The auto-correction works from the assumption that there is only one
candidate. This assumption is invariant and seem to be properly
maintained in the code. Therefore, we can just pick the first
candidate word when doing a correction.

In the code, the following name changes are performed:

 * `Misspelling.data` -> `Misspelling.candidates`
 * `fixword` -> `candidates` when used for multiple candidates
   (`fixword` remains for when it is a correction)

On performance:

Performance-wise, this change moves computation from "checking" time
to "startup" time.  The performance cost does not appear to be
noticeable in my baseline (#3419).
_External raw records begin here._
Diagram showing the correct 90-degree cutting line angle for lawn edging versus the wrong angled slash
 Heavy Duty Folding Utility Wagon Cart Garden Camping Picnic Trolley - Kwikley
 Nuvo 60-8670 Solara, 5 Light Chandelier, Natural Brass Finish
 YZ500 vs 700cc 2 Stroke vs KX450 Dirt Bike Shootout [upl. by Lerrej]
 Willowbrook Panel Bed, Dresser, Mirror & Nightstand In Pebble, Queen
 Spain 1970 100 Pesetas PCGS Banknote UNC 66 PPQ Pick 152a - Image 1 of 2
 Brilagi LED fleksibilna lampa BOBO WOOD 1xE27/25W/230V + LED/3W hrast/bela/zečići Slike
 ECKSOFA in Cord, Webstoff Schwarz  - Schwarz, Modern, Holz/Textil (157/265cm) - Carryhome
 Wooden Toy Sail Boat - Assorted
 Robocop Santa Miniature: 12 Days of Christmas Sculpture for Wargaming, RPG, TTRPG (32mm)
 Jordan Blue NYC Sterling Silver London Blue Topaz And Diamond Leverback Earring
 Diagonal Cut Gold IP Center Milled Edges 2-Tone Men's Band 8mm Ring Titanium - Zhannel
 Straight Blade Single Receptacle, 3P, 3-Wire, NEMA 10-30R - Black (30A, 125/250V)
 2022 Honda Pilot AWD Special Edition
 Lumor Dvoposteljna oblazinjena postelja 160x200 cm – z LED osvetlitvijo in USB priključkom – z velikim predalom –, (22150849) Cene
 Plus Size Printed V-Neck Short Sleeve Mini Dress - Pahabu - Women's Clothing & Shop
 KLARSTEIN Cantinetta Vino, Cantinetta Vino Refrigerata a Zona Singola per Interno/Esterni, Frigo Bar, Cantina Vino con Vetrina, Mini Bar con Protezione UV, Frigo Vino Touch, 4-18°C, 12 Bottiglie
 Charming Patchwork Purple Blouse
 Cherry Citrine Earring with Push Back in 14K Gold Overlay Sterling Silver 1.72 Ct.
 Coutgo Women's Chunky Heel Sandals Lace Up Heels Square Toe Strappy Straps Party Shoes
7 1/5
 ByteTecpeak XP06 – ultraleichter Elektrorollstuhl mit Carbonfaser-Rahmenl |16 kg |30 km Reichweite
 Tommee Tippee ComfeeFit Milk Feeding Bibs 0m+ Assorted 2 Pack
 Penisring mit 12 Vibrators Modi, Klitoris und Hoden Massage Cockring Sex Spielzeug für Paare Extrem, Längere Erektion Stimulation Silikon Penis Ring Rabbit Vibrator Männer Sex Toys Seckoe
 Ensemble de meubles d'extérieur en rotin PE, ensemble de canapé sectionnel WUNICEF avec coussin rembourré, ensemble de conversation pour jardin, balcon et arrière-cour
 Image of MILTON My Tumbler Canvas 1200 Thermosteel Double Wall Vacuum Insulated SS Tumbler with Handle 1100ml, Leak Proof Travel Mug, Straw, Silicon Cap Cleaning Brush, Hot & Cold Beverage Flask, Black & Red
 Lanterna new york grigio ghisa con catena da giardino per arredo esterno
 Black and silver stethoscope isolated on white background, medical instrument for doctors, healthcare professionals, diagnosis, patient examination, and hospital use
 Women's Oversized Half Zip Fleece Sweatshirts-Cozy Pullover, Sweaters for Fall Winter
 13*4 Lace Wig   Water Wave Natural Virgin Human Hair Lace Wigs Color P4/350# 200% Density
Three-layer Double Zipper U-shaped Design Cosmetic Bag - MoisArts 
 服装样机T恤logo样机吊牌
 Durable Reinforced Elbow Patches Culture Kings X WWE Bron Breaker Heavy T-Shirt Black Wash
Though, keep the corpus weakness on
the ratio of cased vs. non-cased corrections with multiple candidates
in mind.

The all lowercase typo is now slightly more expensive (it was passed
throughout `fix_case` and fed directly into the `print` in the
original code. In the new code, it will always need a `join`).  There
are still an overweight of lower-case only corrections in general, so
the unconditional `.join` alone is not sufficient to affect the
performance noticeably.
---
 codespell_lib/_codespell.py   | 31 ++++++++++++++++---------------
 codespell_lib/_text_util.py   | 10 ++++++----
 codespell_lib/spellchecker.py | 12 ++++++++----
 3 files changed, 30 insertions(+), 23 deletions(-)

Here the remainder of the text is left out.